**PROBLEM REQUIREMENTS**
Would you retype, word for word, the line with "How To Make" and each line after it to the end of the entries below, leaving the pictures out?

**Short web captions**

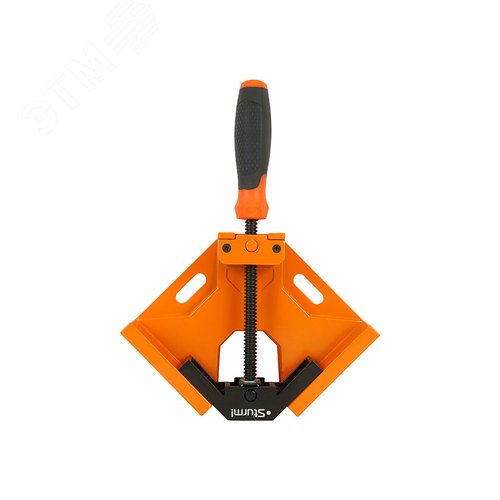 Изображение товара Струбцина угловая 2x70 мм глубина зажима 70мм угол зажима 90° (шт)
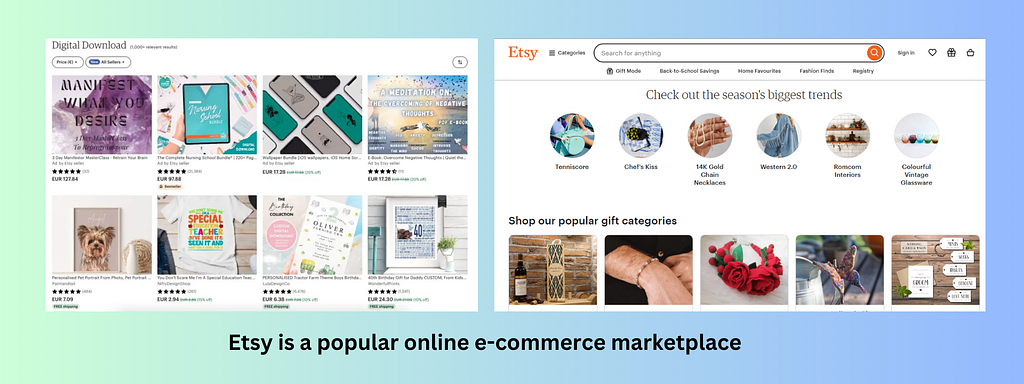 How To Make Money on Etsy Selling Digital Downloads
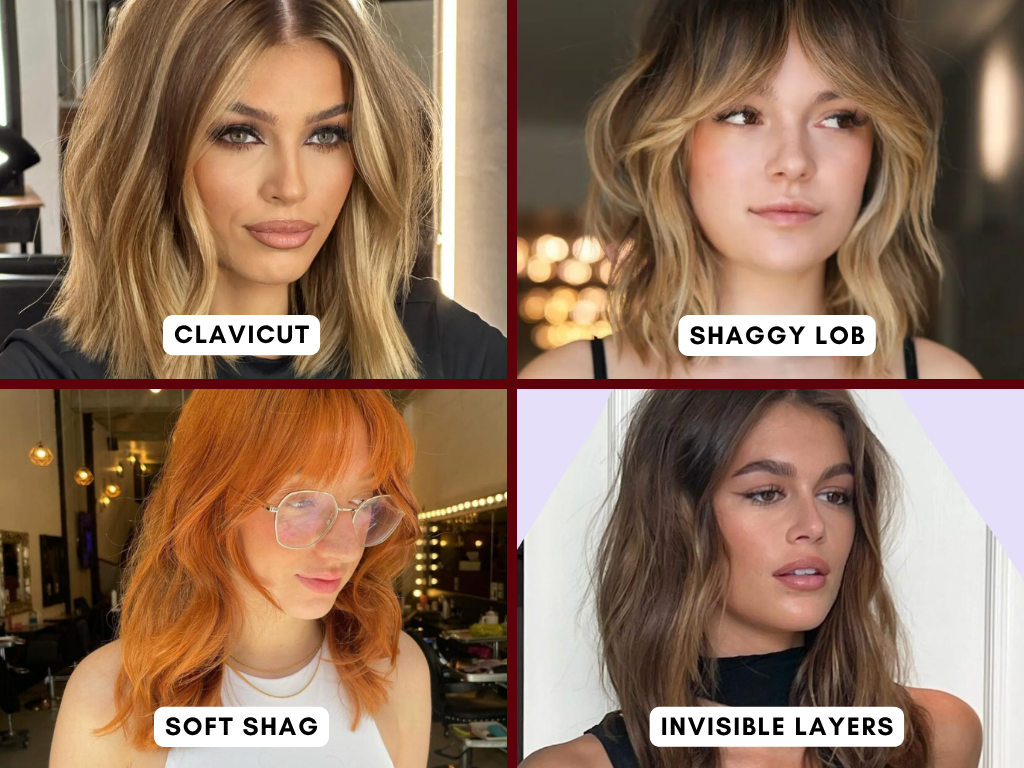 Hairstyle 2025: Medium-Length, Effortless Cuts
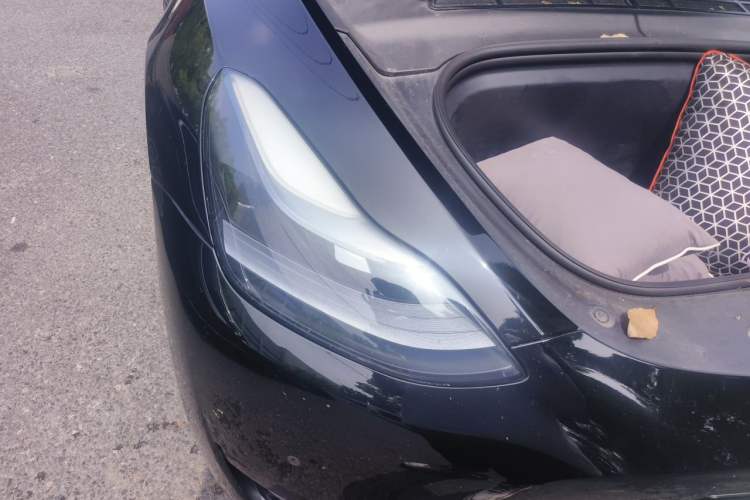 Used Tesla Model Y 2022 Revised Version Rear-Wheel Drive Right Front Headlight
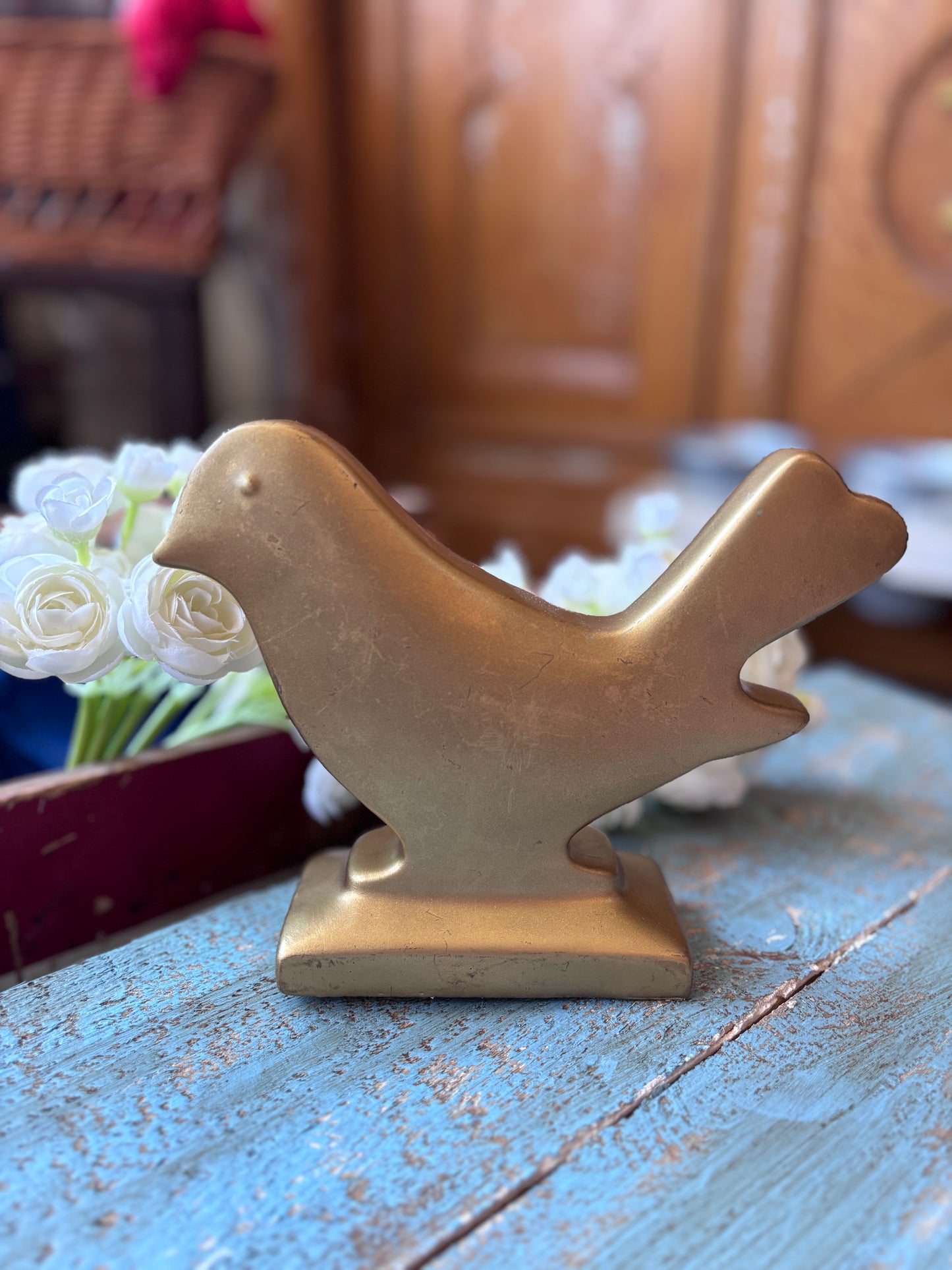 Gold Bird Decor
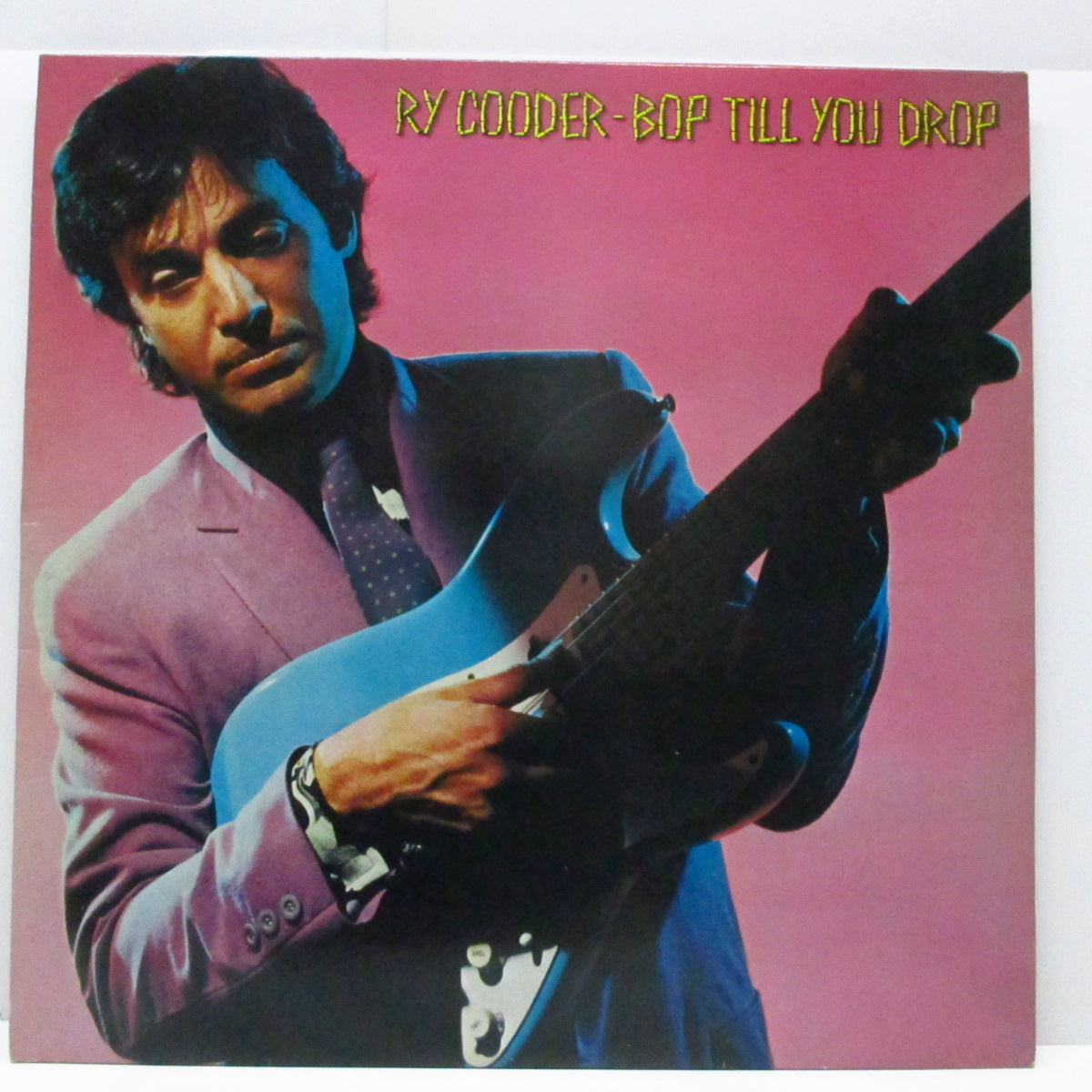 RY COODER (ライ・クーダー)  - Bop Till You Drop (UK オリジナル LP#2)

**TASK ANSWER**
 How To Make Money on Etsy Selling Digital Downloads
 Hairstyle 2025: Medium-Length, Effortless Cuts
 Used Tesla Model Y 2022 Revised Version Rear-Wheel Drive Right Front Headlight
 Gold Bird Decor
 RY COODER (ライ・クーダー)  - Bop Till You Drop (UK オリジナル LP#2)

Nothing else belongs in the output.